**EXERCISE:**
Begin at the line that contains "Condominio de 4" and reproduce it along with every line after it to the end of the listing; skip any pictures.

**RECORDED DATA:**
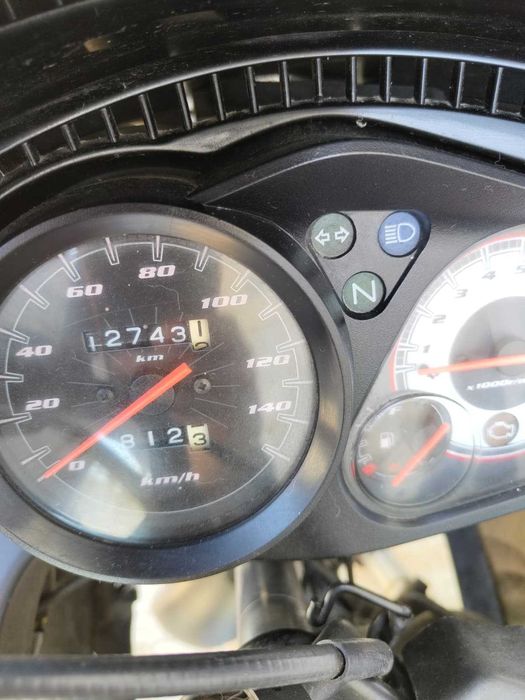 Honda CBF 125 2013 - 12.743 km - Excelente Estado - Topcase Givi Incluida
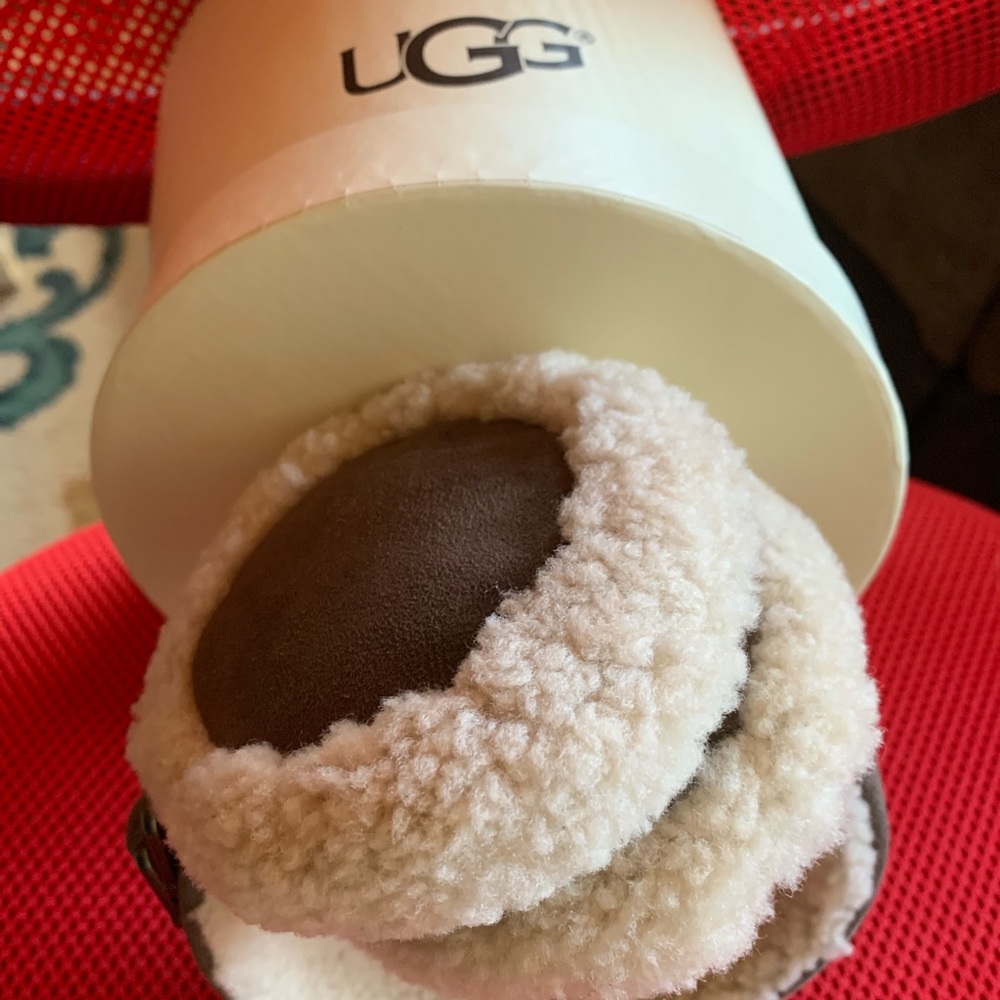 UGG CLASSIC SHEEPSKIN EARMUFF (Chestnut)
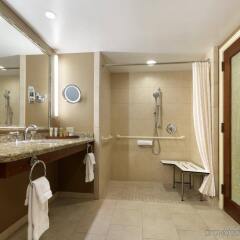 Outrigger Reef Waikiki Beach Resort in Honolulu, United States of America from 375$, photos, reviews - zenhotels.com bathroom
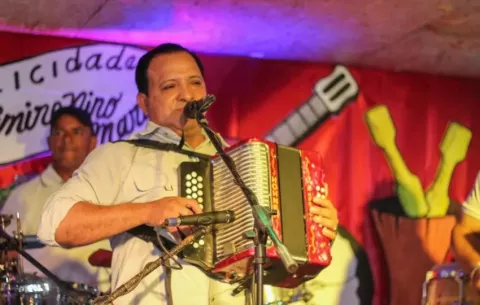 Honran a Maximino 'Mino' Marín con amor en su funeral
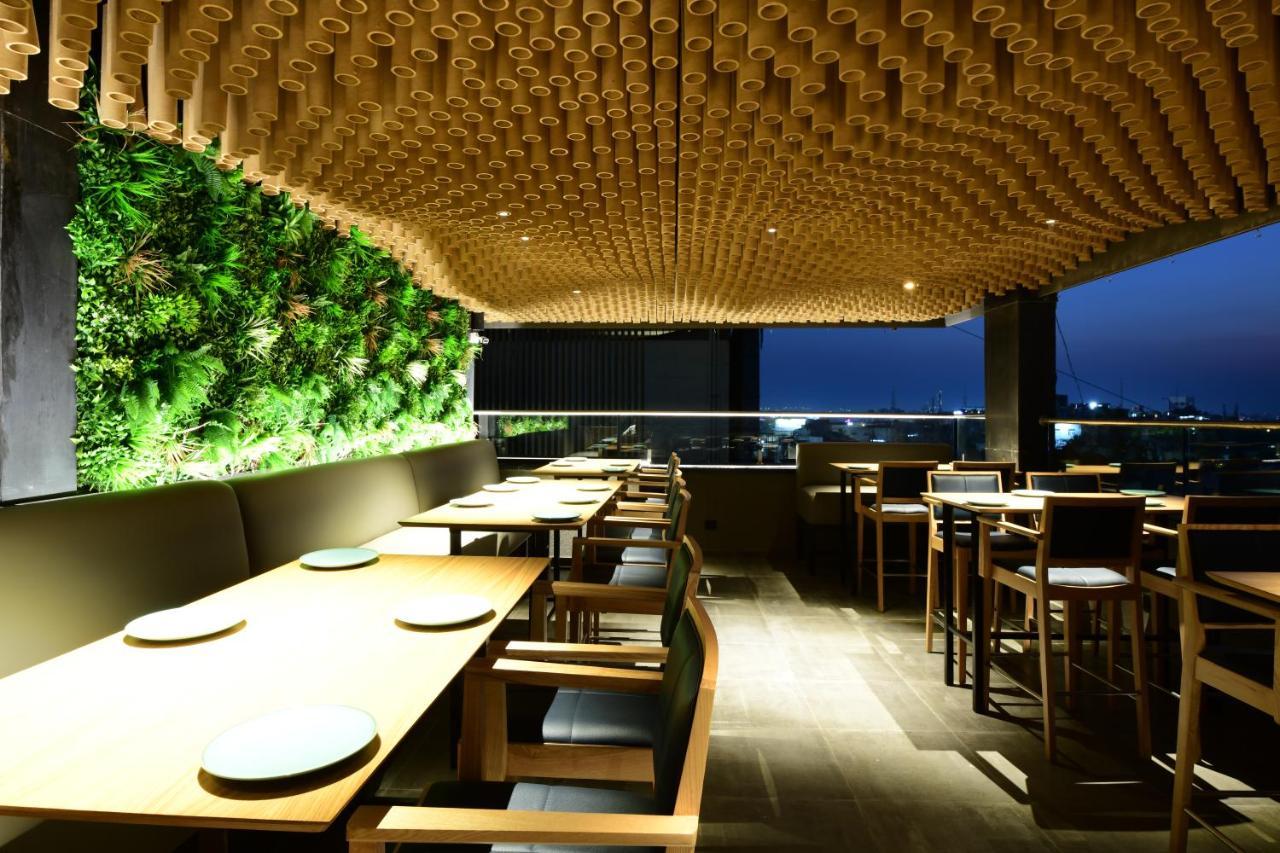 Regenta Place Raysons โกลฮาปูร์ ภายนอก รูปภาพ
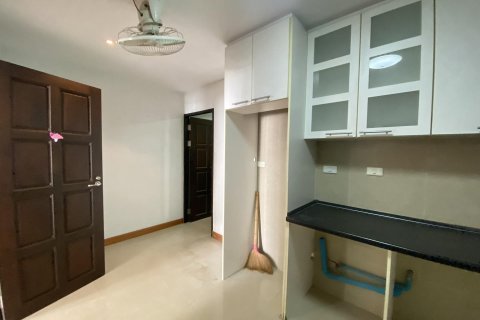 Condominio de 4 dormitorios en Watthana, Bangkok, Tailandia № 132273 - foto 20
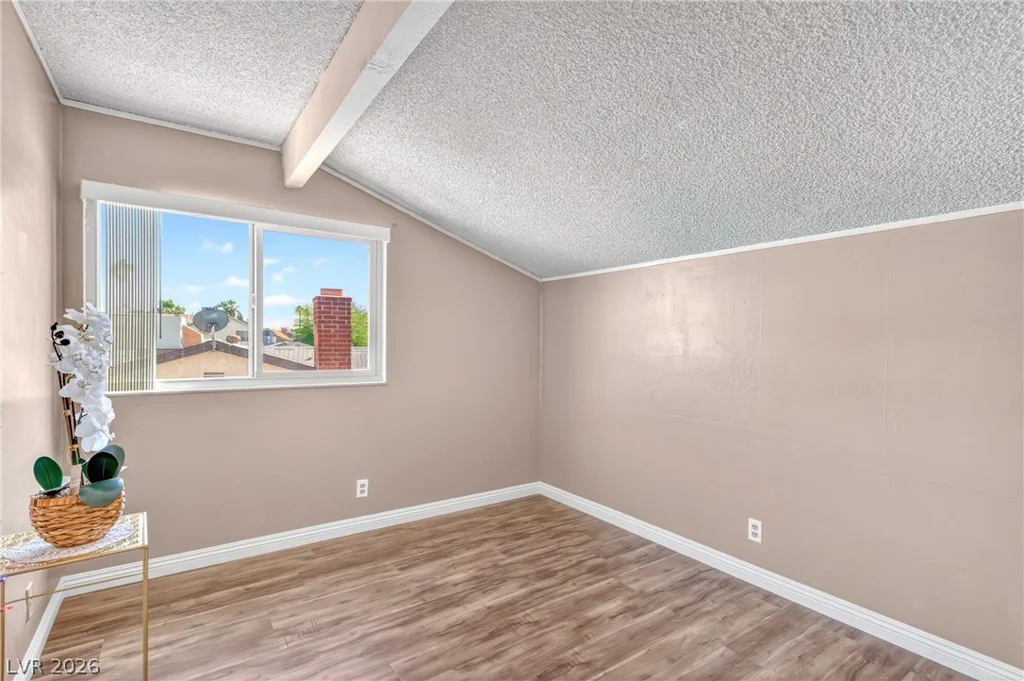 4302 Cloverhill, Las Vegas, NV 89147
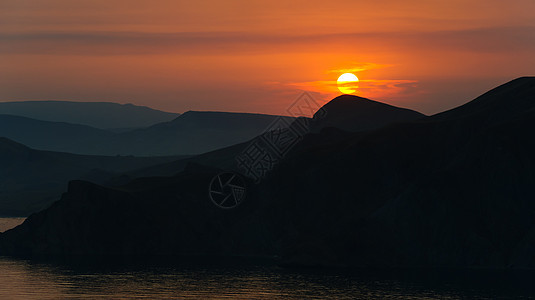 山岳和大海之间多彩的衰落日落假期海湾橙子情调异国涟漪风景海洋旅行图片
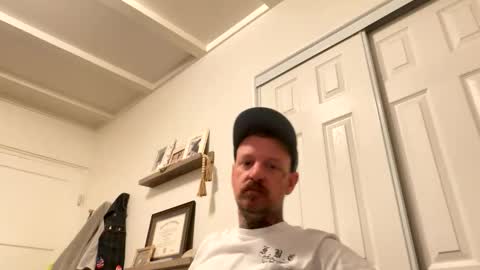 Snapshot of longwalksonthebeach69 chatting on 8, 3, 2026 longwalksonthebeach69 online show from 8, 3, 2026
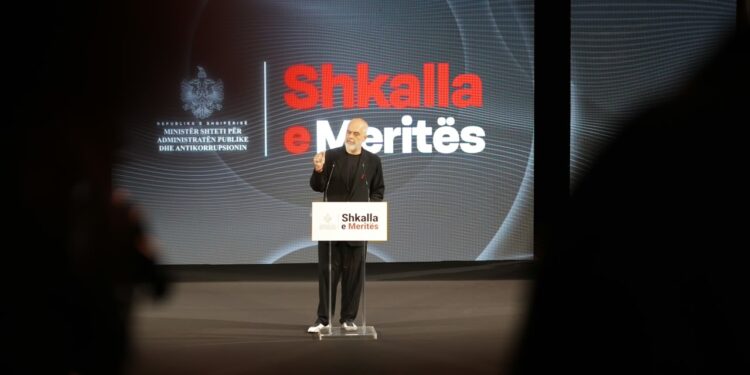 Administrata me ministri të re, Rama: Vlerësim sipas meritës dhe performancës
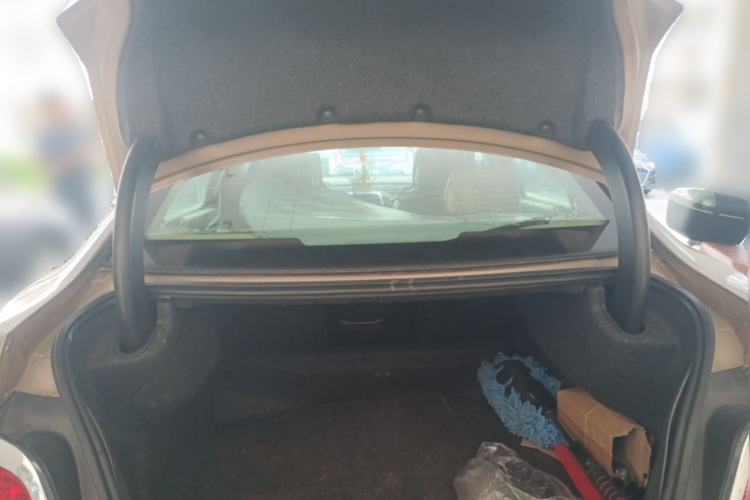 Used Buick LaCrosse 2010 2.4L Haoya Edition Trunk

**SOLUTION FOR THIS EXERCISE:**
 Condominio de 4 dormitorios en Watthana, Bangkok, Tailandia № 132273 - foto 20
 4302 Cloverhill, Las Vegas, NV 89147
 山岳和大海之间多彩的衰落日落假期海湾橙子情调异国涟漪风景海洋旅行图片
 Snapshot of longwalksonthebeach69 chatting on 8, 3, 2026 longwalksonthebeach69 online show from 8, 3, 2026
 Administrata me ministri të re, Rama: Vlerësim sipas meritës dhe performancës
 Used Buick LaCrosse 2010 2.4L Haoya Edition Trunk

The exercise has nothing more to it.